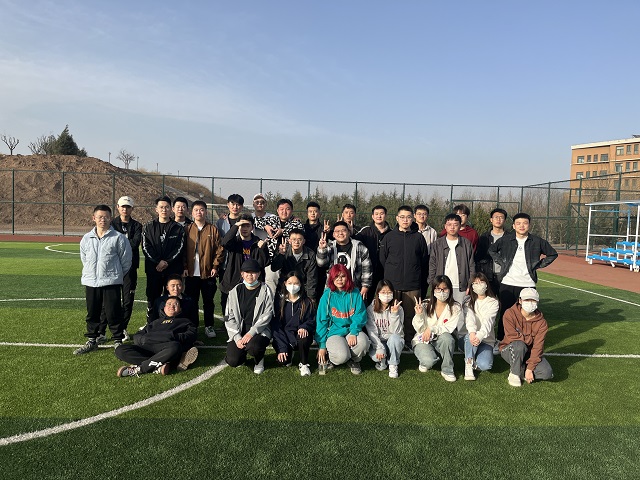【完满团支部】“投”向春天的快乐——大数据学院、信息工程学院物联2203班完满团支部活动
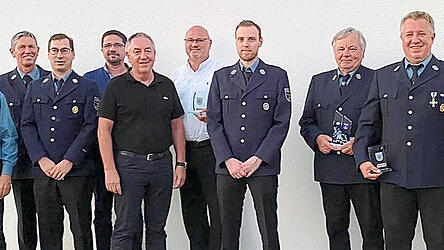 Max Haller, 1. Vorstand Josef Ernst, 1. Kommandant Michael Pfliegl, B&uuml;rgermeister Adalbert H&ouml;sl, Wolfgang Ernst, Karl-Heinz Zollner, 2. Kommandant Michael Buchner, Josef Prebeck, Josef Knab, 2. Vorstand und 2. B&uuml;rgermeister Manfred Engl und Max Hillenbrand (von links).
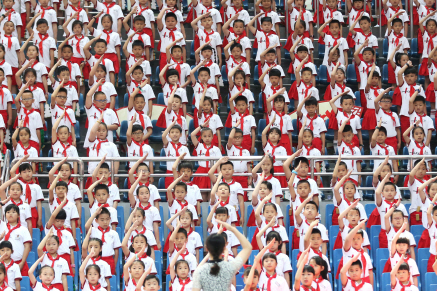 지난달 31일 중국 푸젠성에서 어린이날 행사에 대비해 초등학생들이 행사 연습을 하고 있다.      /푸젠=로이터연합뉴스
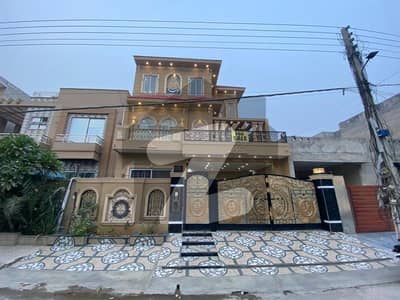 12 MARLA TRIPLE STOREY TRIPLE HEIGHT LOBBY HOUSE FOR SALE IN MILITARY ACCOUNT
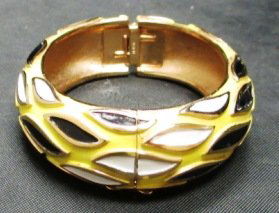 TRIFARI BRACELET YELLOW & BLACK ENAMELED GOLD: TRIFARI LOCKING BRACELET YELLOW & BLACK ENAMELED GOLD INSIDE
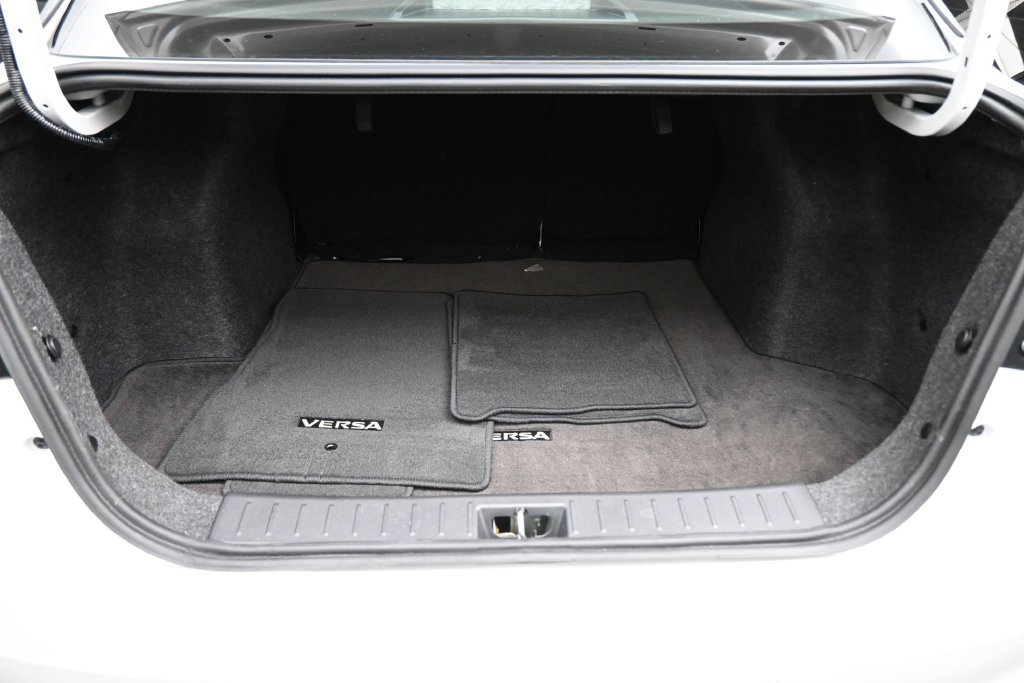 Used 2024 Nissan Versa SV w/ Trunk Package FWD image 17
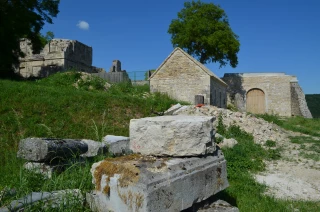 Abbaye de Saint-Vivant : La grande histoire de Bourgogne revit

*ABOUT THIS TASK:* Your task is to restate word for word the lines from the one containing "지난달 31일 중국 푸젠성에서" through the last line of the data, both ends included, with no pictures.

*FINISHED EXERCISE:*
 지난달 31일 중국 푸젠성에서 어린이날 행사에 대비해 초등학생들이 행사 연습을 하고 있다.      /푸젠=로이터연합뉴스
 12 MARLA TRIPLE STOREY TRIPLE HEIGHT LOBBY HOUSE FOR SALE IN MILITARY ACCOUNT
 TRIFARI BRACELET YELLOW & BLACK ENAMELED GOLD: TRIFARI LOCKING BRACELET YELLOW & BLACK ENAMELED GOLD INSIDE
 Used 2024 Nissan Versa SV w/ Trunk Package FWD image 17
 Abbaye de Saint-Vivant : La grande histoire de Bourgogne revit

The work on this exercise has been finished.